Pandemic politics

What kind of person is liberal? What constitutes being a conservative? Can we derive political conception based on personality traits? With the powers of social media, knowing the answers to these questions can be a gamechanger, which it supposedly was for Trump in 2016. Although later the influence of this psychometric targeting on the results of the election was heavily debated, even a small measurable influence can definitely tip the scales in the end.

Before researching the correlation between psychometrics and political views, it was generally believed that conservatives are afraid of change. Thus fear, an emotion that maps onto the big fives “neuroticism”, should be relatively high in people who have conservative views, right? Strangely however, it turns out that liberals are generally higher in neuroticism than conservatives.[1] The fact that neuroticism is not correlated, means that fear is not the right neurological circuit to explain apprehension toward change.

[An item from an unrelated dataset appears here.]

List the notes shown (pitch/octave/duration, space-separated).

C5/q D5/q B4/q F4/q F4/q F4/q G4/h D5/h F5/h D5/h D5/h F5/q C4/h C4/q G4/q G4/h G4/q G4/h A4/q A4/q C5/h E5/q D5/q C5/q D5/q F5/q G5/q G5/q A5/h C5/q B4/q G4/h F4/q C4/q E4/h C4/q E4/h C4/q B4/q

A disgusting scientific discovery.

Finding a hair in your soup can make you lose your appetite (even when it was once attached to your own head), yet you don’t run away from the dinner table in a screaming panic. Also, even though you’re not afraid of moldy food, you certainly don’t like being around it. Thanks to the insular cortex of your brain, these kinds of things give you a direct emotional response of rejection or revulsion to something potentially offensive, distasteful or contagious[2] (keep this one in mind).

A little digging through articles will teach you; Conservatives are actually more easily disgusted than liberals.[3] Even though that is a mind-blowing discovery in itself, the fact that emotions like disgust may influence political views can also tell us something about where we are heading during a pandemic in an already stormy and heavy polarized political climate.

Pathogens and Politics

Amid this COVID-19 pandemic it seems trivial to discuss the correlation between someone reacting to a cockroach and the color of their tie. However, research that tests the so called “parasite stress” hypothesis shows us that being mindful of how health crises influence our political priorities is probably a good idea. This study revealed that parasite prevalence strongly predicted cross-national differences on measures assessing individuals’ authoritarian personalities, and this effect statistically mediated the relationship between parasite prevalence and authoritarian governance.[4]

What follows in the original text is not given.